Example	`/api/dcat?format=rdf%2Fxml`

Invalidate cache

Type	POST
Path	/api/invalidateCache
Description	Invalidate the cache for the `/api/dcat` call.

Refresh cache

Type	POST
Path	/api/refreshCache
Description	Refresh the cache for the `/api/dcat` call. This call blocks until the cache has been refreshed!

The api to retrieve all the DCAT data can be slow, so there is a simple cache solution to cache all the RDF data. The cache solution is in "Application.java" and uses Guava to cache the response from Fuseki. The response is cached in clear text, so there will normally be one cache entry per format (eg. JSON-LD and RDF/XML). The cache entries automatically expire every 24 hours.

As well as RDF, the api can also output an RSS stream. "FeedController.java" has the following api:

RSS feed api

Type	GET
Path	/api/rss/feed
Description	Returns an RSS feed of the DCAT data.

dcat-datastore

Module with abstractions over Fuseki and Elasticsearch.

The AdminDataStore class provides methods for user administaration (except delete user) and DCAT source administration (exception deletion). The method for adding a user can also be used for updating users, and there is logic for stopping multiple users having the same username. Same goes for adding DCAT sources, however multiple users are allowed to add the same URL for harvesting. This doesn't mean they share the same source.

AdminDcatDataService provides delete methods for both DCAT sources and users. When deleting a user, you first have to clean up all the users DCAT sources.

DcatDataStore is the abstraction used for storing the harvested DCAT data from a DCAT source, and also for retrieving said data.

The Fuseki and Elasticsearch are simple abstractions above Fuseki and Elasticsearch to simplify inserts, updates and deletes.

dcat-generate-dummy-data

Small stand-alone program for generating test data in DCAT format.

dcat-harvester-app

Module for harvesting DCAT data from sources.

The main component of the system, designed to retrieve DCAT data from various sources and incorporate it into a single database

A CrawlerJob is the main process of the harvester. It downloads DCAT data from a specified source, does validation and any transformations required before sending it to be Fuseki and Elasticsearch.

The validation is a set of SPARQL queries that return any invalid data. The queires are available in the resources folder under validation-rules/from-eu. The rules are a copied from https://github.com/EmidioStani/dcat-ap_validator

CrawlerJob information is stored in Fuseki, together with user information in the uses database.

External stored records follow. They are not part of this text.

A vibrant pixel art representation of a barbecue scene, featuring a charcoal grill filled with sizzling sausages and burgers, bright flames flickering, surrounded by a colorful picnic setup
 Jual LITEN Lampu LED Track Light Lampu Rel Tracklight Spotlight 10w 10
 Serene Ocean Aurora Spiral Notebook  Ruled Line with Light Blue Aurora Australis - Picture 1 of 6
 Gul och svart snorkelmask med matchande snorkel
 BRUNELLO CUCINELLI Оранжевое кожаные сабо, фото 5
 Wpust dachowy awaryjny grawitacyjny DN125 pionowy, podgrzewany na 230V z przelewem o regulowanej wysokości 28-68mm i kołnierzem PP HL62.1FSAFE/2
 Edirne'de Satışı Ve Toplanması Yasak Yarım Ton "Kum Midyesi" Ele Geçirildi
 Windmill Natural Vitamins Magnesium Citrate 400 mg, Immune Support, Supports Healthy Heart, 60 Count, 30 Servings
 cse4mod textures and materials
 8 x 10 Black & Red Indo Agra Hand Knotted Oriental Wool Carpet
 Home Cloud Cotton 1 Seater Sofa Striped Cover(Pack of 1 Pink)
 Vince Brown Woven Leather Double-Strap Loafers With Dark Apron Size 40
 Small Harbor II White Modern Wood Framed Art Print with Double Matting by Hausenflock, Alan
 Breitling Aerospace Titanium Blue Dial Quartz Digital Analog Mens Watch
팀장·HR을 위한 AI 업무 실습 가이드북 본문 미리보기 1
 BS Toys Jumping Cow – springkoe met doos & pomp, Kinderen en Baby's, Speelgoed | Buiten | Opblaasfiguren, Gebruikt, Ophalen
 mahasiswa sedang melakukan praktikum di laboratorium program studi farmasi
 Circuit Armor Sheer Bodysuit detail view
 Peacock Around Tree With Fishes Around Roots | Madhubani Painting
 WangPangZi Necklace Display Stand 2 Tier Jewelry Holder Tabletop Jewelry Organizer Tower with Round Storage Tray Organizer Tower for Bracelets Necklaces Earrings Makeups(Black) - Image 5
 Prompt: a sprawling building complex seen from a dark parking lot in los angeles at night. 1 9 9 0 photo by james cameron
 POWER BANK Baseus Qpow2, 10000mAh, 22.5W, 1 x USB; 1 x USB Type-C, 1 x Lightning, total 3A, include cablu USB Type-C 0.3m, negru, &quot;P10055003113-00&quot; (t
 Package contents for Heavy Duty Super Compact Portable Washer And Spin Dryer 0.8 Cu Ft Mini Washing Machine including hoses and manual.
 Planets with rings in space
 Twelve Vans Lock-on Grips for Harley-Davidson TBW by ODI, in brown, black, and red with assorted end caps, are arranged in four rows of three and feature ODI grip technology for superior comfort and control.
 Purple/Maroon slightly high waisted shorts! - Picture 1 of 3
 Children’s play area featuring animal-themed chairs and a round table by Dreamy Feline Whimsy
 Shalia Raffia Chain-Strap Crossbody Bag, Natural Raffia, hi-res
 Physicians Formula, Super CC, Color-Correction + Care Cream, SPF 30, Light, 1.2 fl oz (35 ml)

A CrawelJob can be initiated with a request to /api/admin/harvest-all or /api/admin/harvest?id=CRAWLER_ID_HERE

To support data from Vegvesenet and from Entryscape there are two transforms in CrawlerJob. enrichForEntryscape(model) will transform Entryscape data and enrichForVegvesenet(model) will transform data from Vegvesenet.

XmlToRdf

DCAT Catalogs can contain identifiers for corporations and organisations. These identifiers can be looked up in the Brønnøysund registers to find the name and other information about the organisations.

This information is in XML, so to convert it we use XmlToRdf. This is an early version of XmlToRdf, the library has since been developed further and released as an open source project: https://github.com/AcandoNorway/XmlToRdf

Building and running

Prerequisits

docker
docker-compose
a unix operating system (for simplicity, not really a requirement)
Java 8
maven >3.3.x

The easiest and simplest way to build and run the system is to use the command line script ./rundocker.sh which will build the Java modules, build all the docker images and then start the containers.

The admin interface should now be available at http://localhost:8080/dcat-admin-webapp/

The docker setup is not intended for production use.